The Story of a School That Started Spray-Painting the Walls
David Stocker

We’re standing in front of a massive mural on a street near our school, the faces of happy children smiling at us from a cinderblock wall. The piece is a collaborative project between Canadian and Chilean muralists. The artist is political activist Giovanni Zamora, and the Grade 8 class observing it is asked what they think is being communicated through the artwork.

“Children are the future!” someone suggests with a groan. Clearly, he’s been around this block before.

“Hope? It says ‘hope’ on the kids’ shirts,” replies another student.

“Well, it’s true that this mural is called Roots of Hope,” I offer. “But why hope? Let’s continue this conversation when we get back to the classroom where you can do some research.”

During the 1970s and ’80s, many Chilean refugees made our neighborhood in west Toronto home after escaping the military dictatorship of Augusto Pinochet. The students discover that the Canadian and Chilean governments have been close friends for a long time. So close, in fact, that it took a mere three weeks for the Canadian government to recognize Pinochet’s leadership following the 1973 coup he led with his military junta. Thousands died, tens of thousands were tortured, and hundreds of thousands were exiled.

“Our government recognized Pinochet?”

“Quickly, yes.”

“I didn’t know that…”

We’ve been thinking a lot this year about the idea of making the invisible visible, as a crucial first step in responding to injustice. As we turned the corner into springtime, I wanted to create classroom time for students to take up space in a new way. That’s when the spray-paint cans came out onto the front desk.

Making Their Mark

It’s International Women’s Day. I’ve introduced the graffiti art project: find a woman who inspires you, print a stencil of the person, cut it out and spray-paint her image on the walls of our hallway. Today, next week, next month. Whenever you like.

“Do you mean we get to spray-paint on the wall? Like, it’s not coming down?” asks Maddy.

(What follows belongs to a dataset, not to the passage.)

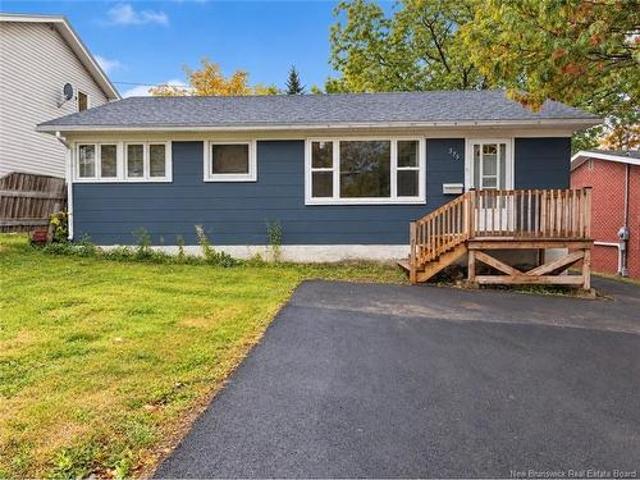 375 St Anne, Bathurst, NB, E2A 2N3 house for sale | Listing ID NB148738 | Royal LePage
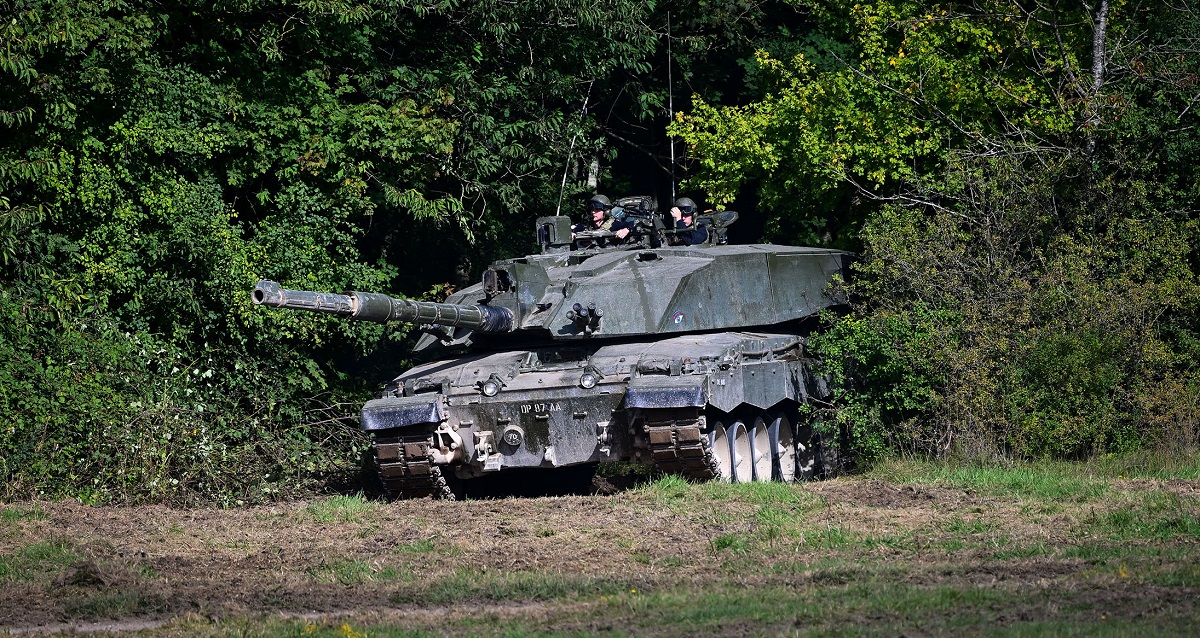 Ukrainas väpnade styrkor visar upp brittisk Challenger 2 stridsvagn i övning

There’s something powerful about permanence. The kind of mark that’s not peeled off the wall in the sweltering last days of June. I bump into one of our teacher candidates, Roddie, who is musing about this tiny hallway. “There’s something here about permanence in a space you’re passing through,” he says. “And connection, making yourself a part of a place.” He’s also talking about the idea of diffusing power in a learning community. Now I’m musing along with him.

There’s something important, too, about an ongoing invitation, an inoculation against a blinkered view of justice where special days and months are celebrated, but there’s no sustained, year-round integration into the curriculum or young people’s lives.

Our students have become cautious about doing things to “tick the box.” Ives, in Grade 7, says, “I think having special days and months is good because it very much encourages people to talk about things that they normally wouldn’t. But unfortunately, it fuels a narrative: ‘I talked about it in Black History Month or on Pink Shirt Day — now I’m done.’ It definitely gives people an excuse to ignore or look away from very important topics and not feel bad about it.”

Mabel continues: “These significant days and months should be a starting point, not a stopping point.”

Let's Get Technical

The technicalities of stencil art are straightforward. Teach students how to carefully use a utility knife. Suggest some search terms, including “stencil,” to pull up people they want to see on the wall. If they can’t find a stencil, there are websites that will turn your favorite photos into one. Print out the image and begin cutting on a surface that has a little give. Reclaimed book covers were our surface of choice.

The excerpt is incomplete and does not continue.